Complete Step- by- step Solution:
Given A = $\left[ \begin{matrix}
   2 & 2 \\
   a & b \\
\end{matrix} \right]$ and ${{A}^{2}}=0$
Given matrix is of $2\times 2$ order.
Top solve this question, first we find ${{A}^{2}}$
${{A}^{2}}$= $\left[ \begin{matrix}
   2 & 2 \\
   a & b \\
\end{matrix} \right]$ $\left[ \begin{matrix}
   2 & 2 \\
   a & b \\
\end{matrix} \right]$
Multiplying the above matrices, we get
${{A}^{2}}$= $\left[ \begin{matrix}
   2\times 2+2\times a & 2\times 2+2\times b \\
   a\times 2+b\times a & a\times 2+b\times b \\
\end{matrix} \right]$
Solving further the above equation, we get
${{A}^{2}}$= $\left[ \begin{matrix}
   4+2a & 4+2b \\
   2a+ba & 2a+{{b}^{2}} \\
\end{matrix} \right]$
And given that ${{A}^{2}}=0$
Hence $\left[ \begin{matrix}
   4+2a & 4+2b \\
   2a+ba & 2a+{{b}^{2}} \\
\end{matrix} \right]$ = $\left[ \begin{matrix}
   0 & 0 \\
   0 & 0 \\
\end{matrix} \right]$
Equating the both sides, we get
$4+2a=0$
And $4+2b=0$
Solving the above two equations, we get
$a=-2,b=-2$
Hence the value of $a=-2$ and $b=-2$

Thus, the Option (A) is the correct answer.

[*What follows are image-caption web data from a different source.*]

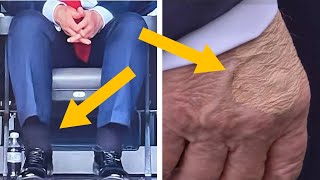 Trump's health GOES VIRAL, swollen ankles & bruises
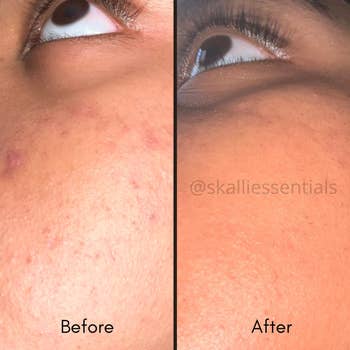 A before and after of someone with hyperpigmentation before using product, and noticeably clearer, brighter skin after using the product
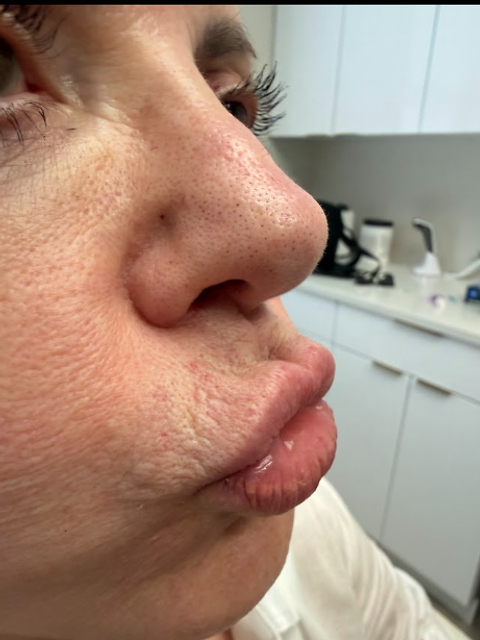 side profile of a woman's lips after botox treatment in Ajax
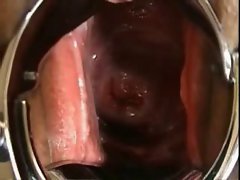 Sensual japanese Extreme EW cervix, speculum, close-up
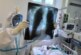 Врач-рентгенолог разбил тезис о «нормальности» состояния при значительном поражении легких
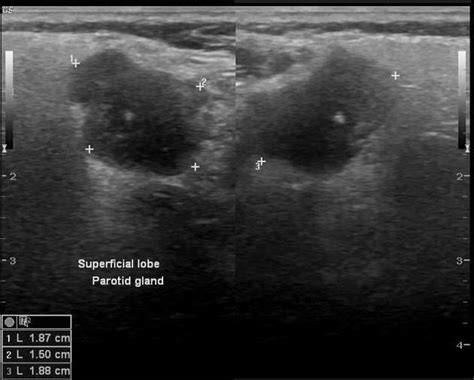 adenom der speicheldruese ursachen symptome und behandlungsmethoden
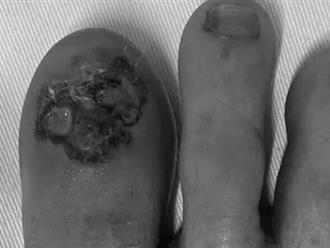Mất móng chân cái vì ung thư da mà không biết, người phụ nữ nhập viện khẩn cấp
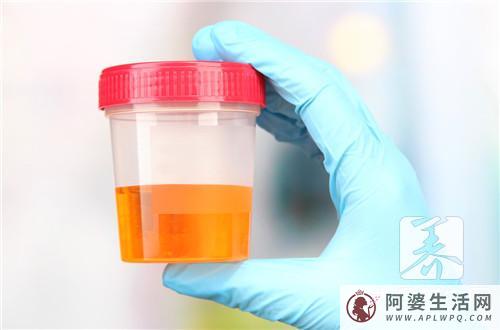 孕妇24钟头蛋白尿参照范畴 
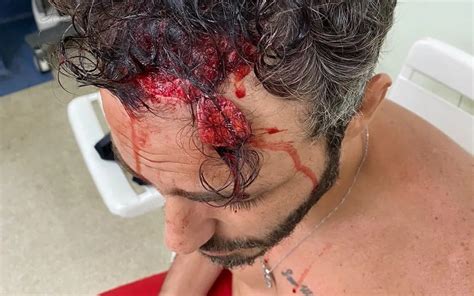 Ator Thiago Rodrigues Espancado Por Bandidos No Rio Veja Foto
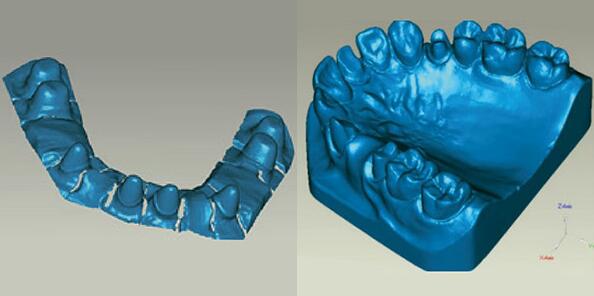 上海抄数服务公司提供的口腔抄数服务
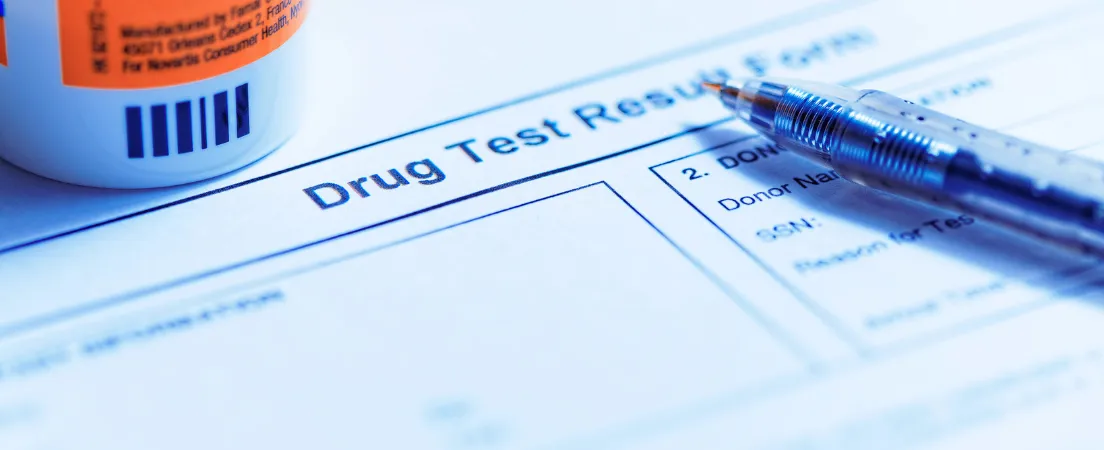 what's next after a failed military drug test concept pic shows testing form and pen
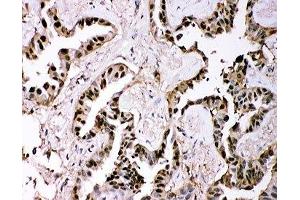 IHC-P: GSTP1 antibody testing of human lung cancer tissue (GSTP1 Antikörper  (AA 2-210))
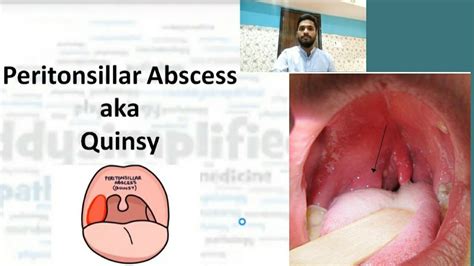 Quinsy ( Peritonsillar abscess) | E.N.T - Throat | Meddysimplified - YouTube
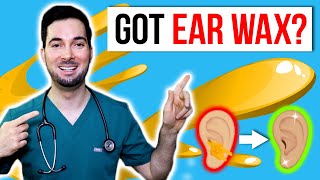 How to remove ear wax in home and clean safely [upl. by Andriette]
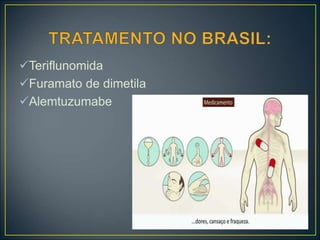 Teriflunomida
Furamato de dimetila
Alemtuzumabe
 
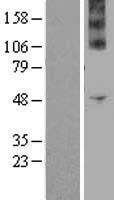 NOX4 Protein - Western validation with an anti-DDK antibody * L: Control HEK293 lysate R: Over-expression lysate
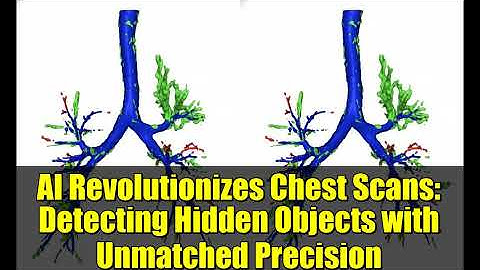 AI Revolutionizes Chest Scans: Detecting Hidden Objects with Unmatched Precision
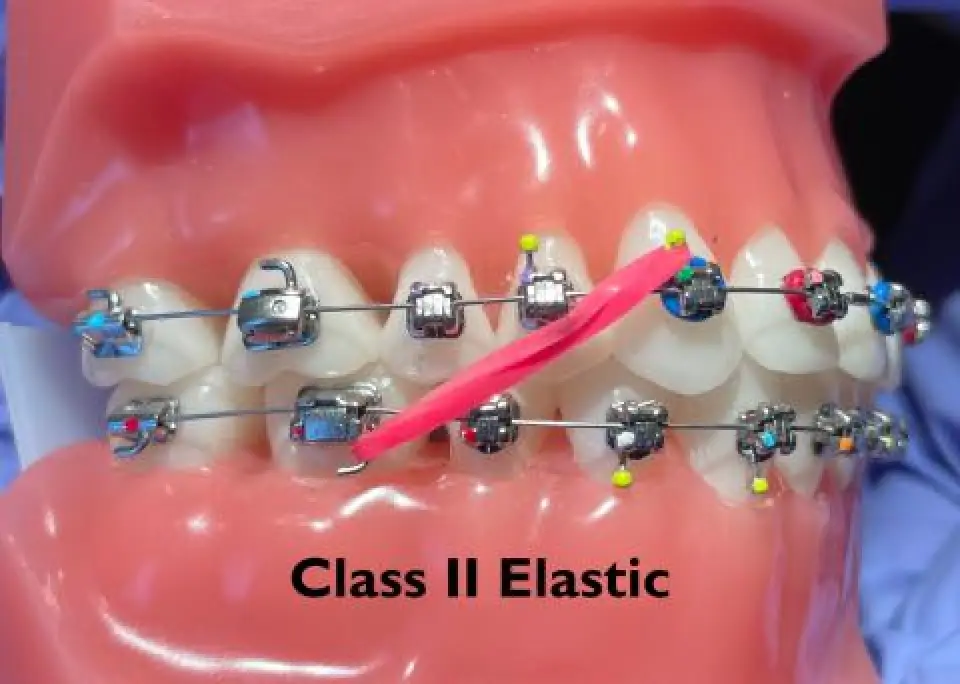 Dental model with braces and a pink elastic band stretched diagonally, labeled Class II Elastic.
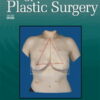 Annals of Plastic Surgery: Volume 88 (1 - 6) 2022 PDF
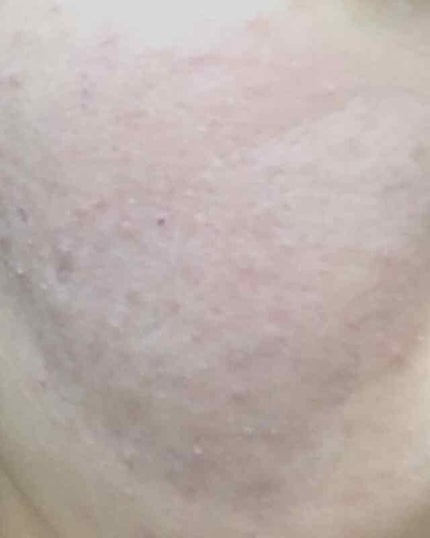 カラーミキシングコンシーラー/キャンメイク/パレットコンシーラーを使ったクチコミ(4枚目)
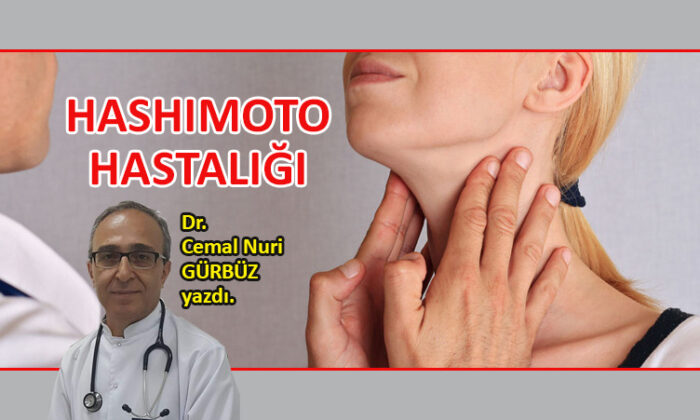 Hashimoto hastalığı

Note: In these types of questions, students make mistakes while multiplying the matrices. In the matrix, the numbers are called the entries or the entities of the matrix. Whenever we solve these types of questions, we must know the multiplication of the matrix. In Multiplication matrices, the number of columns of the first matrix match the number of rows of the second matrix. When we want to multiply the matrices, then the parts of the rows in the first matrix are multiplied with the columns in the second matrix.